Mme D soutient que :
- elle travaille en qualité d'agent territorial spécialisé des écoles maternelles (ATSEM) pour la commune d'Arc-sur-Tille ;
- le 22 janvier 2019, elle a chuté en se rendant sur son lieu de travail, au niveau du perron de l'école maternelle, occasionnant notamment un traumatisme de l'épaule droite et des lésions cervicales et lombaires ;
- le 23 janvier 2019, la commune d'Arc-sur-Tille a reconnu l'imputabilité au service de son accident et l'a, depuis lors, placée en position de congé pour invalidité temporaire imputable au service (CITIS) ;
- le 19 octobre 2022, elle a été examinée par le docteur H qui a estimé qu'elle était totalement et temporairement inapte à ses fonctions et que la consolidation devrait intervenir dans un délai d'un ou deux ans, il a en outre préconisé un reclassement professionnel ;
- le 19 juin 2024, elle a été examinée par le docteur B qui a conclu à son inaptitude à toutes fonctions avec un taux d'incapacité permanente partielle (IPP) de 20% et à sa consolidation à la date de l'expertise ;
- le 11 septembre 2024, le conseil médical a suivi les conclusions de l'expertise en décidant de son inaptitude totale et définitive à toutes fonctions, de sa consolidation au 19 juin 2024 et a fixé son taux d'IPP à 20% ;
- la commune d'Arc-sur-Tille maintien son traitement et règle ses honoraires et frais médicaux dans l'attente d'une mise à la retraite pour invalidité ;
- l'expertise est utile dans la mesure où l'imputabilité au service de l'accident lui ouvre le droit de demander la réparation de l'ensemble des préjudices subis, qu'ils soient extra-patrimoniaux ou patrimoniaux, temporaires ou permanents ;
- par un certificat du 22 janvier 2025, le docteur F A, médecin traitant, a estimé que son état de santé étant compatible avec l'exercice de fonctions autres que son emploi actuel ;
- l'expertise est également nécessaire afin de déterminer son aptitude à d'autres fonctions en vue de bénéficier d'un reclassement.

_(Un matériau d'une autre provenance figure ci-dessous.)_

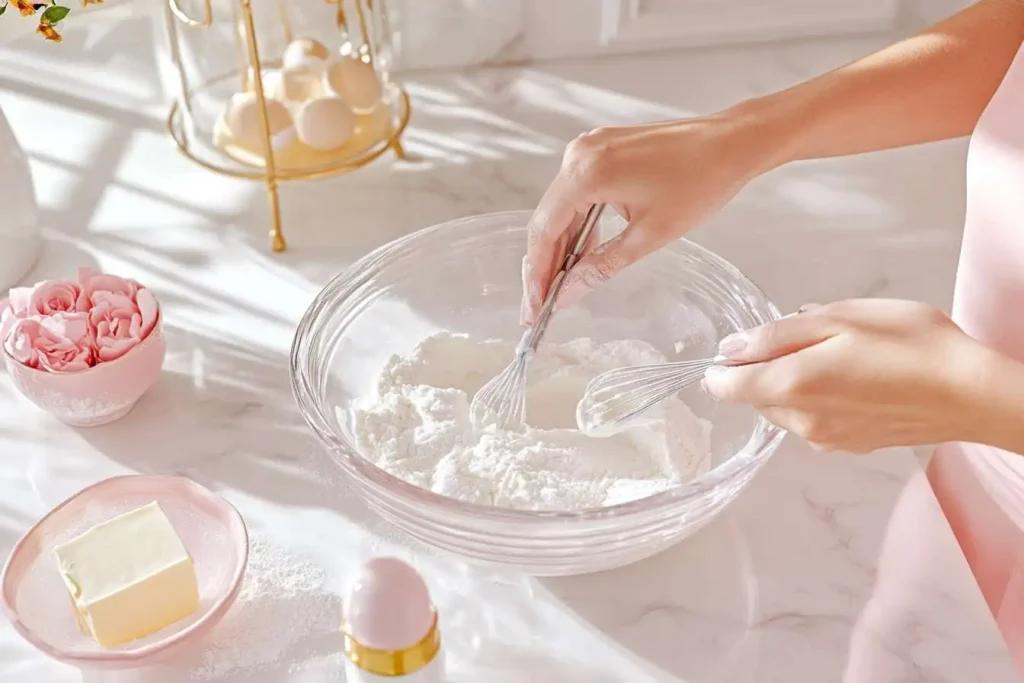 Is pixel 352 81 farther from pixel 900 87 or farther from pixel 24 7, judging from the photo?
pixel 900 87

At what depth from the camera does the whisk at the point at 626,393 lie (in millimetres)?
760

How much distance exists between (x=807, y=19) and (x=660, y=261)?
0.65 m

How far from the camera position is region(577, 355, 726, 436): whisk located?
2.49ft

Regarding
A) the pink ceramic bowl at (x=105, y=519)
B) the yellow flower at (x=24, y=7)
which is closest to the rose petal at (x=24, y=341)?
the pink ceramic bowl at (x=105, y=519)

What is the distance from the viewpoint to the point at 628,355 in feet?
→ 2.93

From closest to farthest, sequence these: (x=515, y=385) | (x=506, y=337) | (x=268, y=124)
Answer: (x=515, y=385) → (x=506, y=337) → (x=268, y=124)

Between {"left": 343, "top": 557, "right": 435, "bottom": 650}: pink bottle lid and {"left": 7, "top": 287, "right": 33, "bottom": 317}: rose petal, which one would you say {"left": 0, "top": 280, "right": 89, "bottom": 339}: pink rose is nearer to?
{"left": 7, "top": 287, "right": 33, "bottom": 317}: rose petal

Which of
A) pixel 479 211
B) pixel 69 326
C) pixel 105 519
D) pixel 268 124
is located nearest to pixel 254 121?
pixel 268 124

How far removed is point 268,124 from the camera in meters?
1.08

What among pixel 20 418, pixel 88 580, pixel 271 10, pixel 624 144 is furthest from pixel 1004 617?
pixel 271 10

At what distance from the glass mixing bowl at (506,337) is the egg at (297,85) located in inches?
12.2

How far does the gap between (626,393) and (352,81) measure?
0.51 m

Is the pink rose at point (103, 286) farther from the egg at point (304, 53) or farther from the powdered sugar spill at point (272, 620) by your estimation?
the egg at point (304, 53)

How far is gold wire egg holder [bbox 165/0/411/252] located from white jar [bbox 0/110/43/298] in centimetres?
15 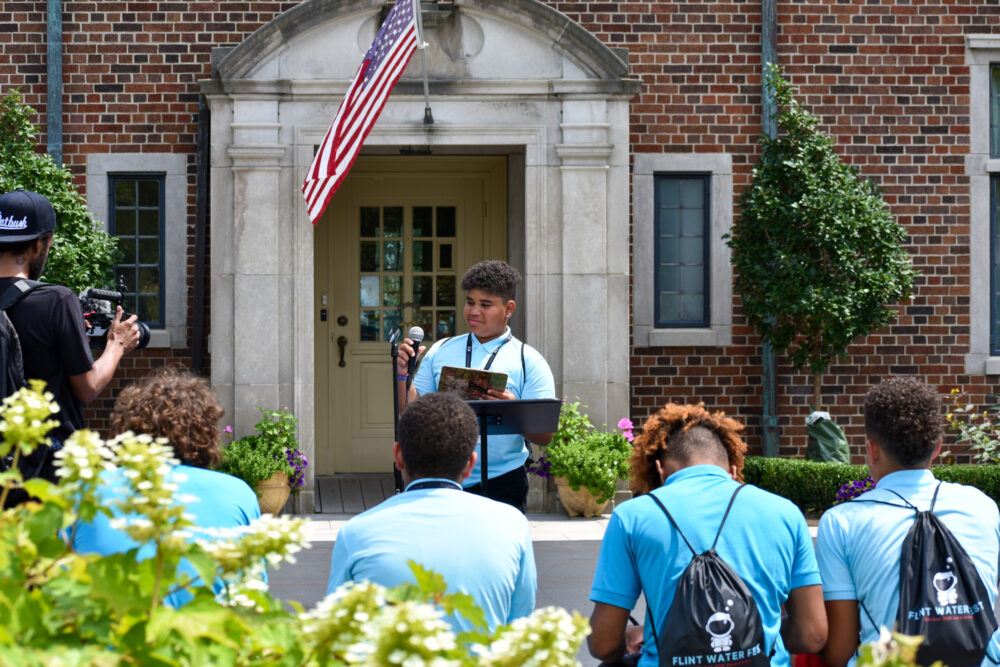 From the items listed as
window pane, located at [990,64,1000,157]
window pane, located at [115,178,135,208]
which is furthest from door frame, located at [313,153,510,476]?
window pane, located at [990,64,1000,157]

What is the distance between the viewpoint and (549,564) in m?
7.70

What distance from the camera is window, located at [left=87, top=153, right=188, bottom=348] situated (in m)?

Par des mémoires en défense, enregistrés les 16 et 28 janvier 2025, la commune d'Arc-sur-Tille, représentée par Me Clémang :
1°) ne s'oppose pas à la demande d'expertise ;
2°) demande au tribunal de limiter la mission de l'expert à l'examen des préjudices patrimoniaux et extra-patrimoniaux, temporaires et permanents subis par Mme D.
La commune d'Arc-sur-Tille soutient que si la mission de l'expert pourra être utile afin de déterminer l'entier préjudice subi par Mme D, elle ne saurait en revanche porter sur l'appréciation de son aptitude professionnelle, au soutien de laquelle elle ne produit aucun élément utile susceptible de remettre en cause les conclusions de l'expertise récente du docteur B suivies par le conseil médical du 11 septembre 2024.
Vu les autres pièces du dossier.
Vu le code de justice administrative.
Le président du tribunal a désigné M. Nicolet, vice-président, en application de l'article
L. 511-2 du code de justice administrative.
Considérant ce qui suit :
1. Aux termes de l'article R. 532-1 du code de justice administrative : " Le juge des référés peut, sur simple requête et même en l'absence de décision administrative préalable, prescrire toute mesure utile d'expertise ou d'instruction () ".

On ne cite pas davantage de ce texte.